生産性を下げている原因は他にもある。システムを使う運用部門が主体となって開発が進むこともそのひとつである。これがなぜ生産性の低さの原因なのかというと、運用部門が主体で開発をしてしまうとシステムのコストパフォーマンスがないがしろにされてしまうからだ。運用部門は開発について詳しくない。そんな運用部門が、ただ自分の業務にあわせて、要件をあげて、その要件をもとに開発を進めてしまうと、例えそれが、どんなに開発に時間がかかることでも開発する側は実装しなくてはならない。そして時間をかけて実装したは良いけど、実はその機能はごくたまにしか使われないもので、他に代替できる手段があるにも関わらず、運用が要件として挙げたばっかりに、時間をかけて実装したにも関わらず、たいして業務時間の短縮になっていないというようなことが起こってしまう。これは聞いた話だけど、アメリカではそもそもSIerという業界が存在しないらしい。エンジニアは開発専門の会社に所属するのではなく、事業会社の開発部門に所属するというのが普通らしい。また、システムを運用する側も、アメリカでは、ある日急に、これまで業務で使っていたシステムが入れ替わって全然別のシステムで業務をすることになったということがよくあるそうだ。運用側もそれが当たり前のことだと認識していて、システムを使うも使わないも自由で、使わなければ仕事が遅くなり本人が困るだけという考えらしい。そして大抵は、最初は慣れないながらも徐々に使いこなすようになってのだそうだ。これはアメリカでは運用が要件をあげて、開発が進んでいくのではなく、開発部門が主体となって開発していくということだ。

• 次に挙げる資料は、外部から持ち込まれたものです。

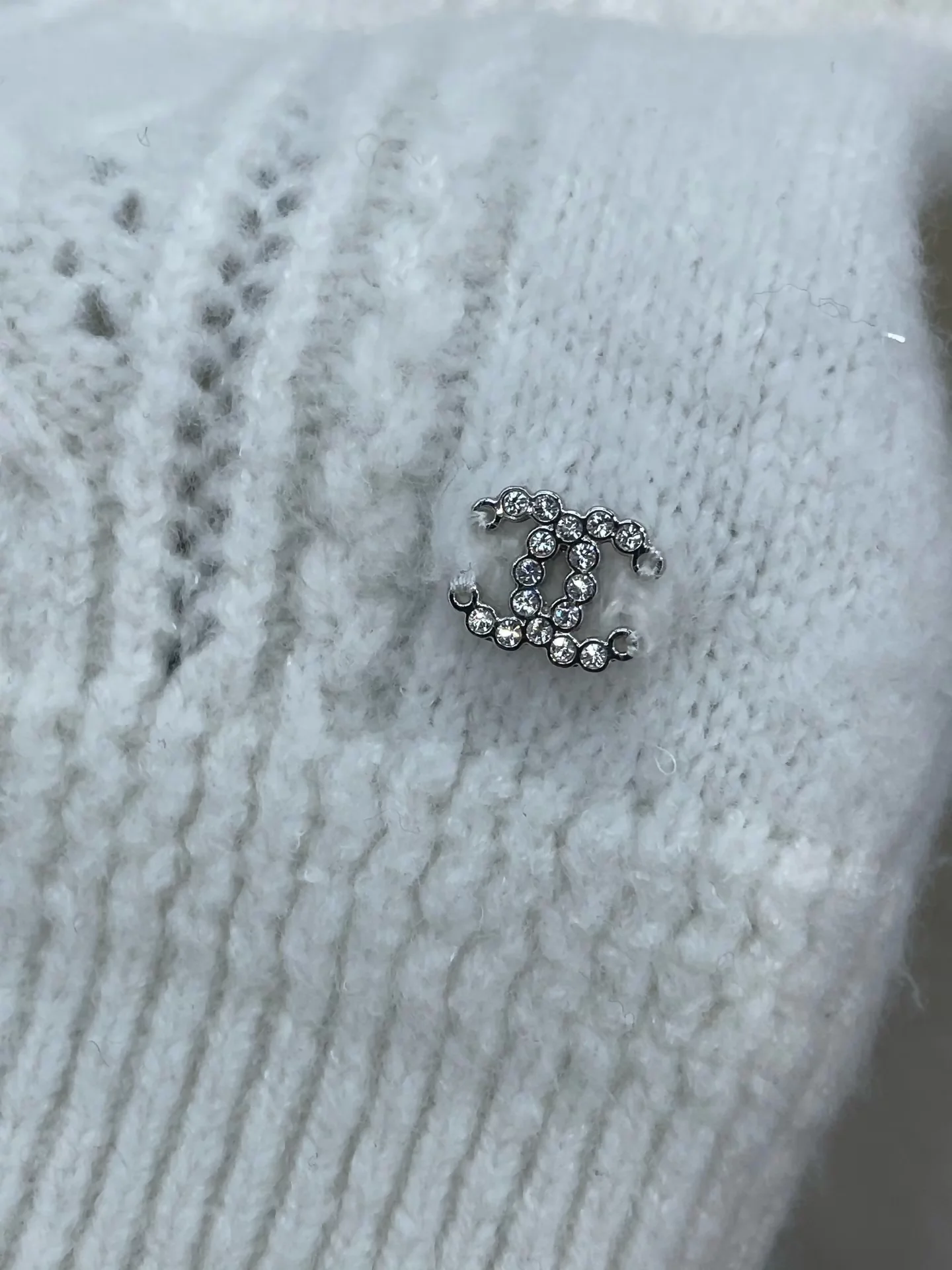 Chanel 23N Ski Collection Knitted Turtleneck Cashmere Sweater - Image 3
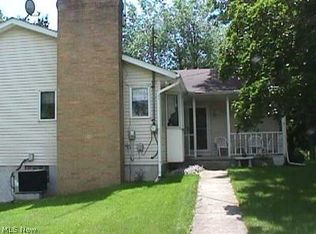 3731 S Myersville Rd, Uniontown, OH 44685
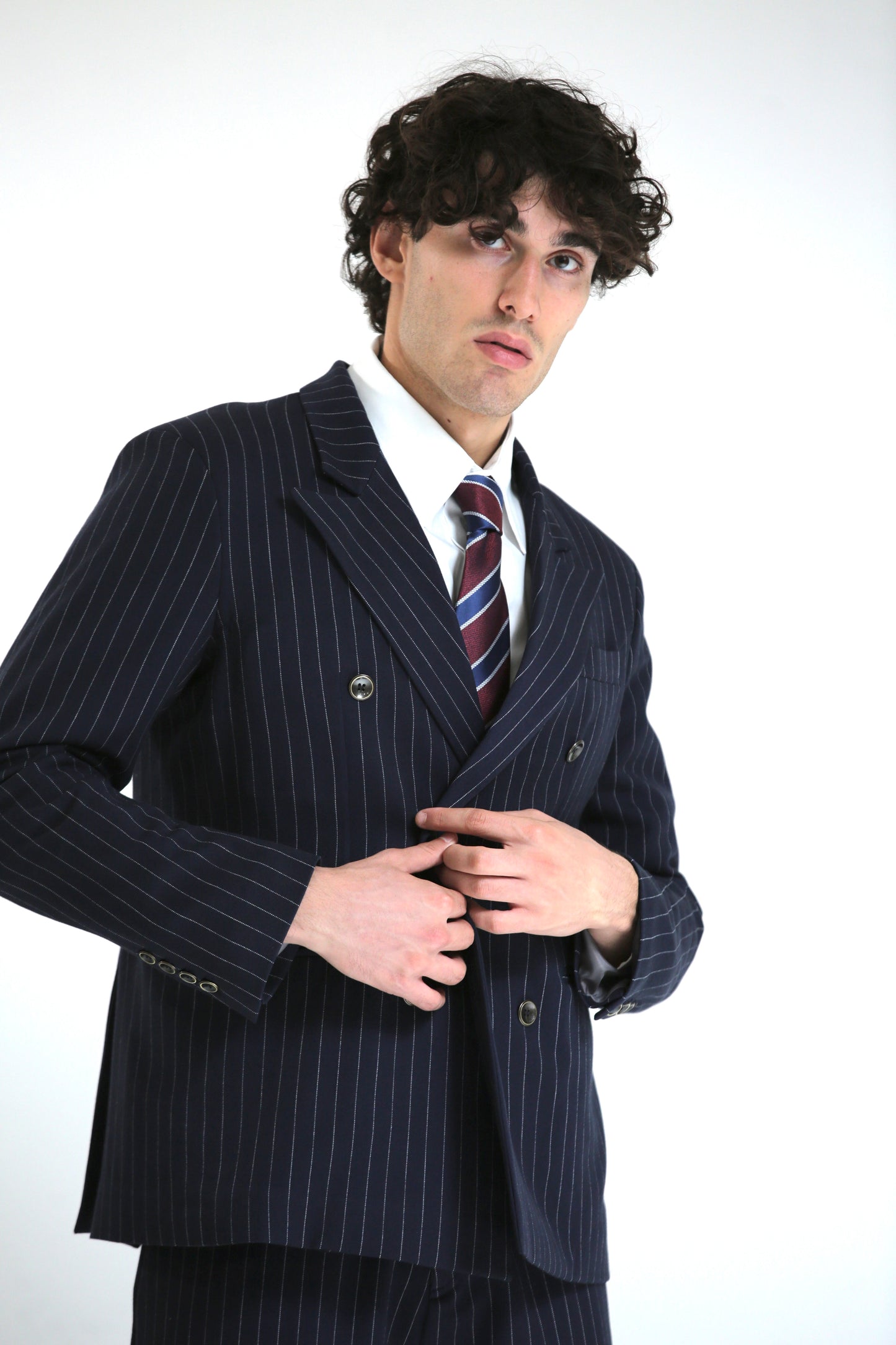Camicia over sotto giacca bianca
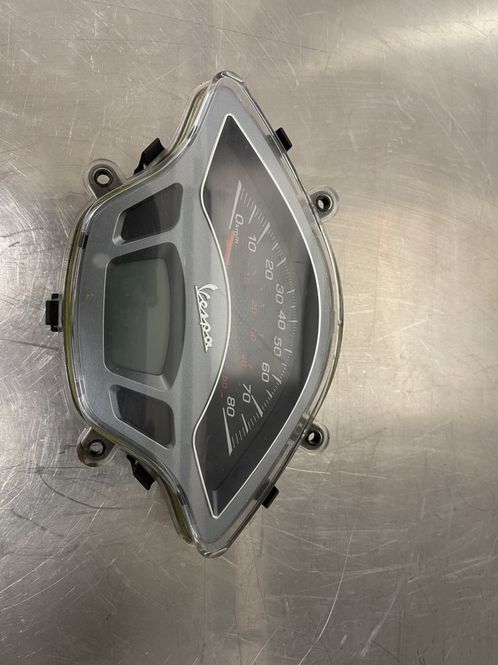 Hovedbilde vespa primavera 50 Speedometer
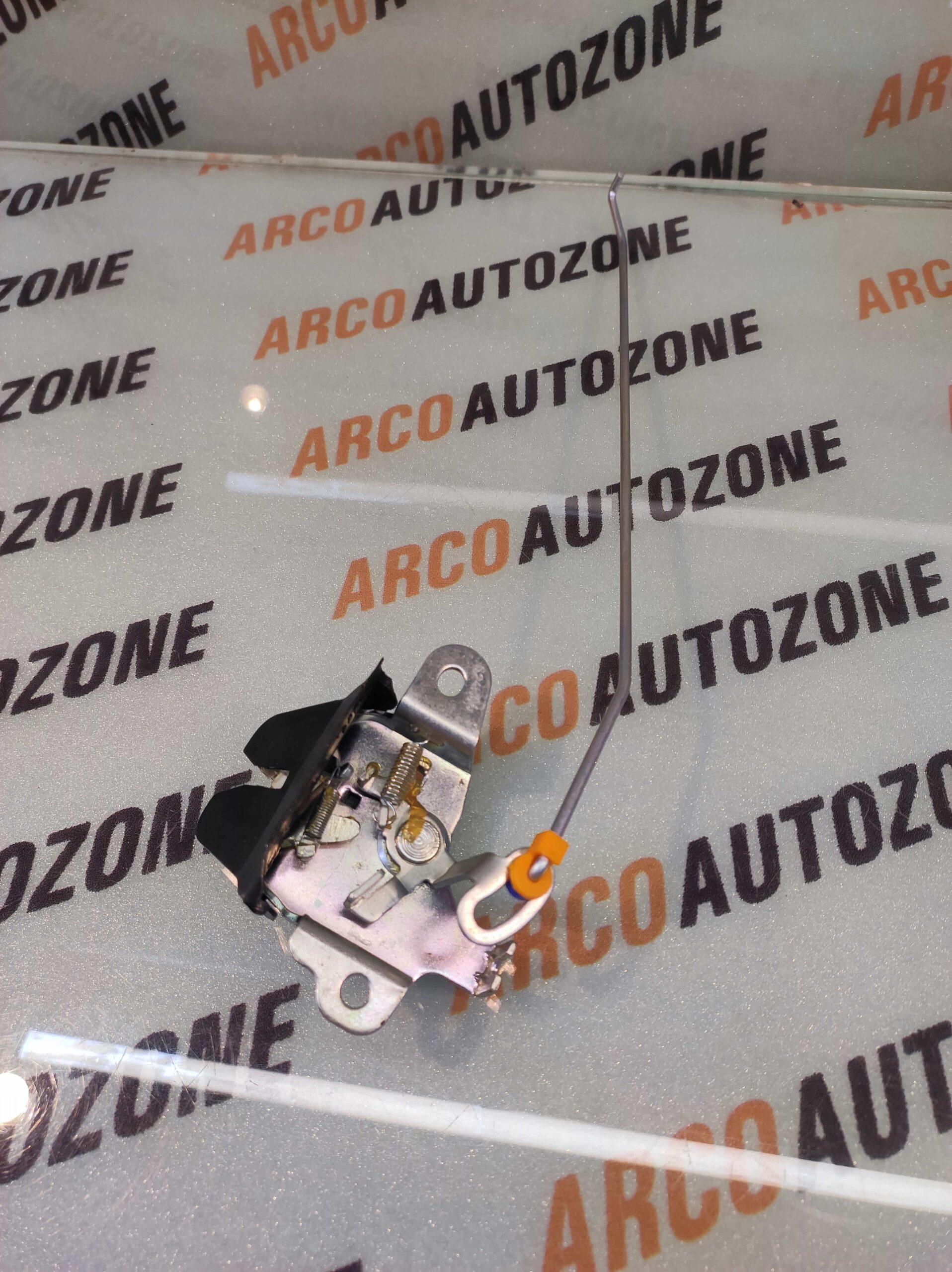 DICKY LATCH DZIRE T1 T2 MGP 82500M75L00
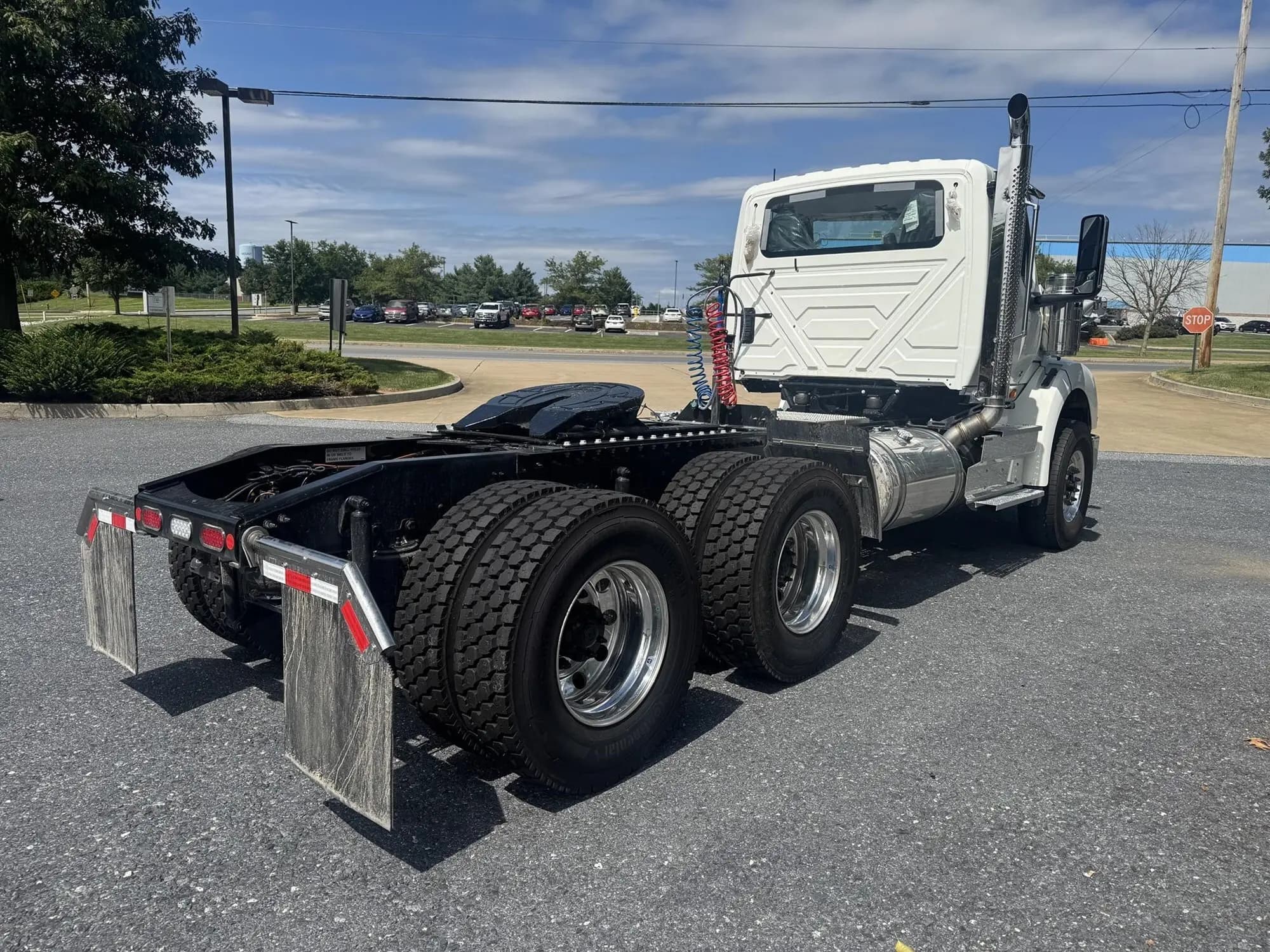 2026 International HX — photo 5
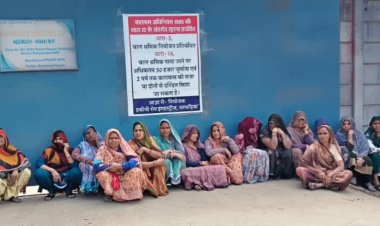 बड़ी खबर: भरभड़िया रस्सी फैक्ट्री के बाहर महिला मजदूरों का उग्र प्रदर्शन, 467 की जगह 292 रुपये देने का आरोप, 2 घंटे का अल्टीमेटम, नहीं तो चक्काजाम, पढ़े खबर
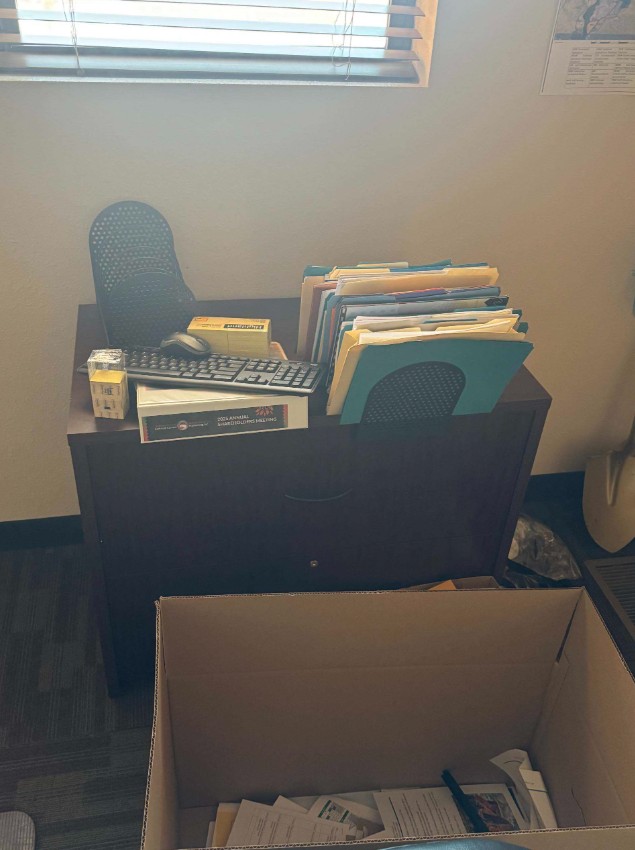 file cabinet 2 drawer - wood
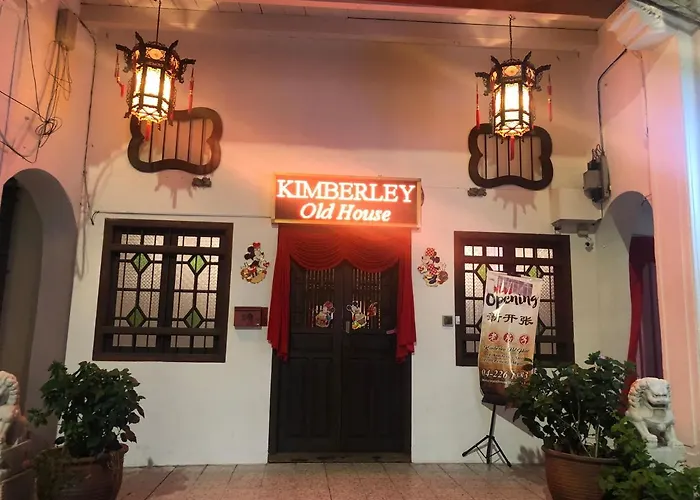 Apple Backpackers Hotel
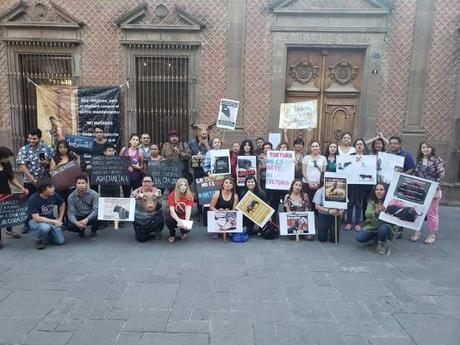 Potosinos protestan frente a SECULT por promover la violencia animal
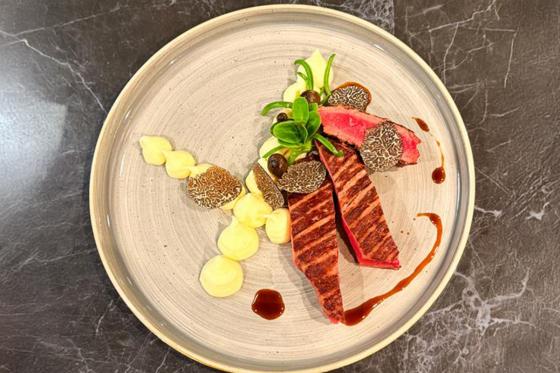 Trüffelmenü für 2 Personen - Gourmet-Erlebnis mit Premium Prosecco in Zürich  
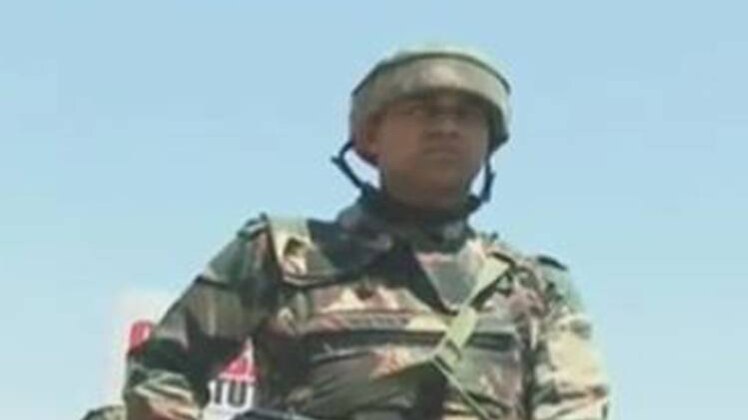 J-K: सेना के काफिले पर आतंकी हमला, 6 जवान घायल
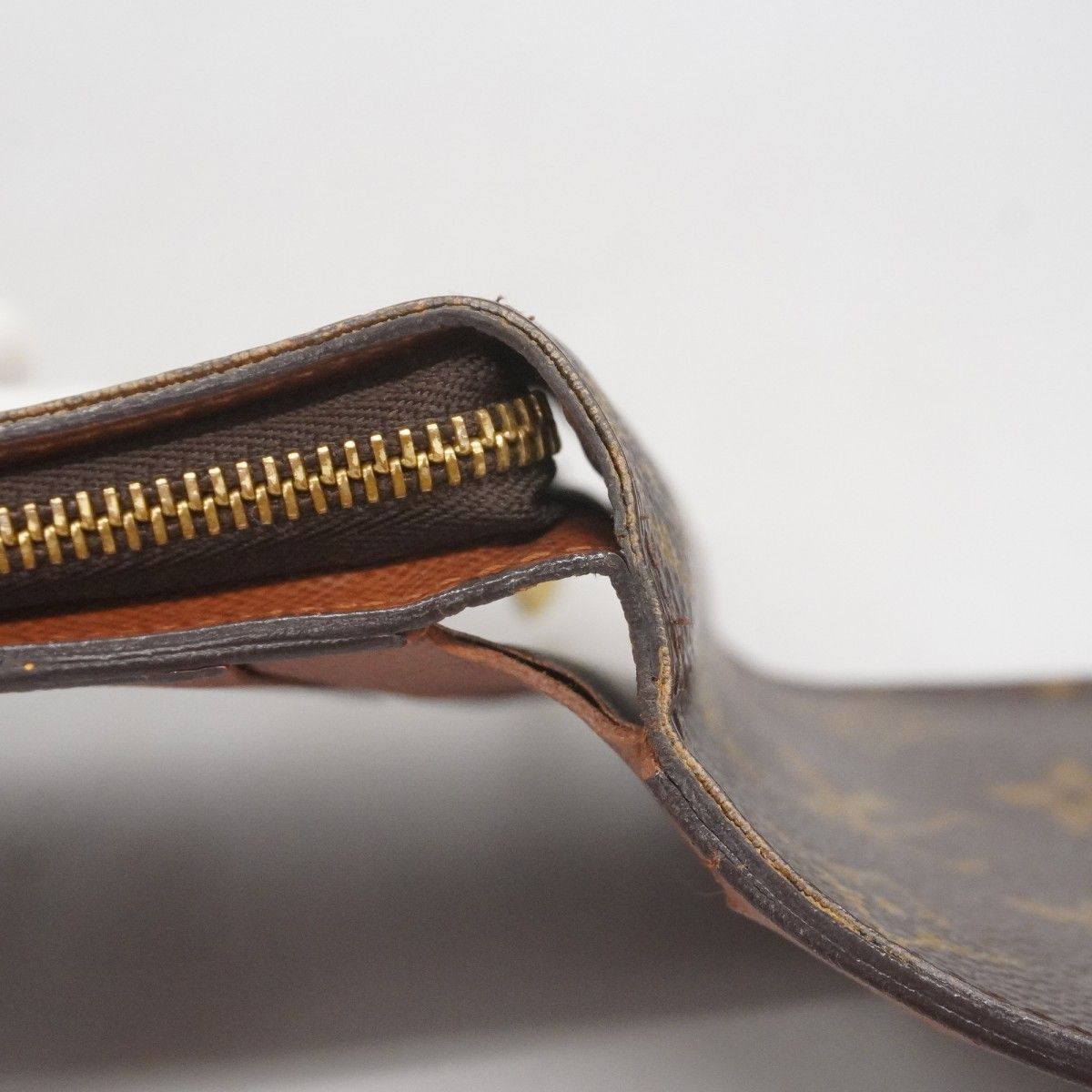 モノグラム コンパクトジップ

最後に、SIerや開発請負専門の会社に所属するエンジニアのビジネス意識も重要だと思う。僕は会社員やめてフリーランスになったときに、収入は倍近くになった。働いている時間は会社員時代とほとんど変わらないし、スキルもそんなにかわらないのにだ。これは単純に僕ひとりの生産性でいうと倍近くにあがったということだ。フリーランス時代にいろんな開発現場を渡り歩いたけど、私よりスキルが高くて仕事できる人なんて大勢いた。だけど、僕は、その人たちを見て、いつも「たぶん、会社員やってるので僕より収入低いんだろうな」って内心思ってた。多くのエンジニアは生産性をあげろと言われたとき、スキルアップすることが第一だと考えている気がする。僕からすれば、それよりもまずは、SIer業界やSESはただ単に自分が所属している会社にマージンを中抜きされているだけだということに気付くことが重要だと思う。